▼

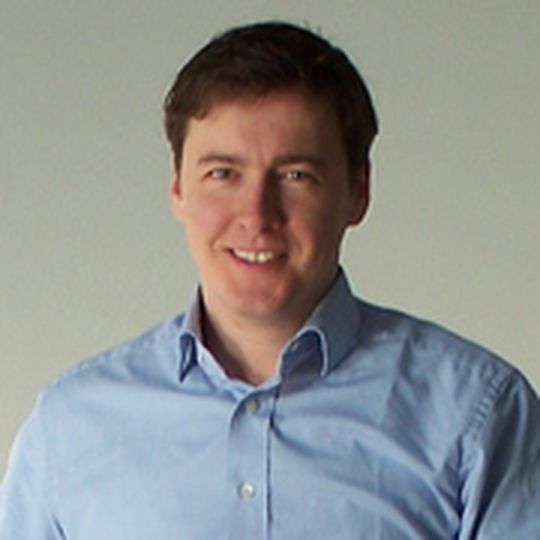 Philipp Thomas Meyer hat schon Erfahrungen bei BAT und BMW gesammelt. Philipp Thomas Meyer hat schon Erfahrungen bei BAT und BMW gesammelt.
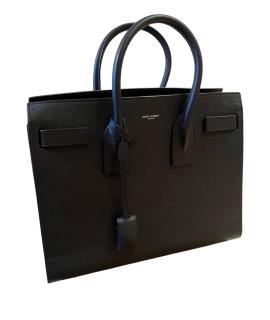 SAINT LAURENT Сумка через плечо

▲
▼

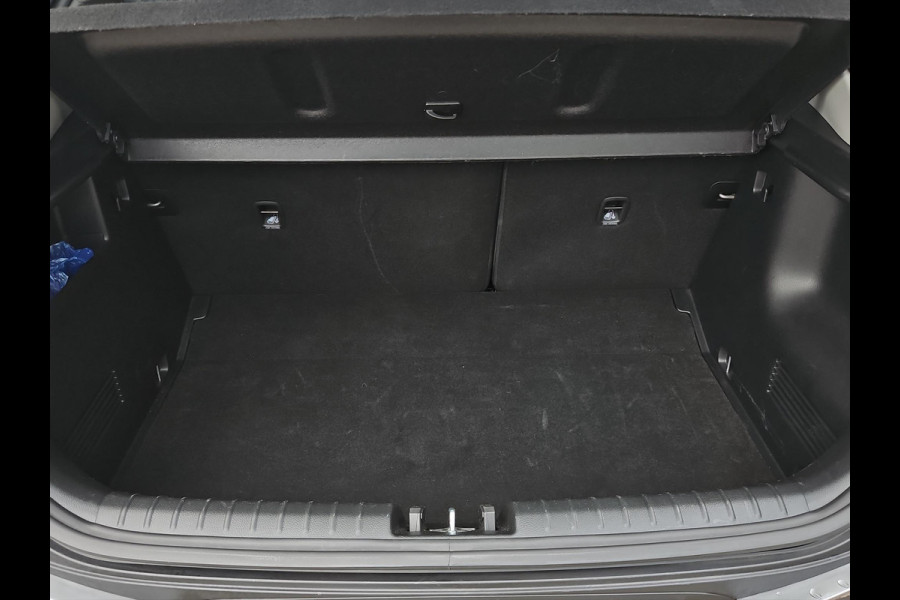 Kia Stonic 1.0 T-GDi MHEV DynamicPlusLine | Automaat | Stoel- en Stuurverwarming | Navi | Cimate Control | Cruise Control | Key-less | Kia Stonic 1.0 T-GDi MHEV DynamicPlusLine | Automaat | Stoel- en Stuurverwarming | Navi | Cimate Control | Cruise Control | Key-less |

▲

Exercise description =
Would you output the lines above from the line holding "BMW gesammelt. Philipp" up to and including the line holding "SAINT LAURENT Сумка через плечо", exactly and only those, with no pictures?

Response to this task =
 Philipp Thomas Meyer hat schon Erfahrungen bei BAT und BMW gesammelt. Philipp Thomas Meyer hat schon Erfahrungen bei BAT und BMW gesammelt.
 SAINT LAURENT Сумка через плечо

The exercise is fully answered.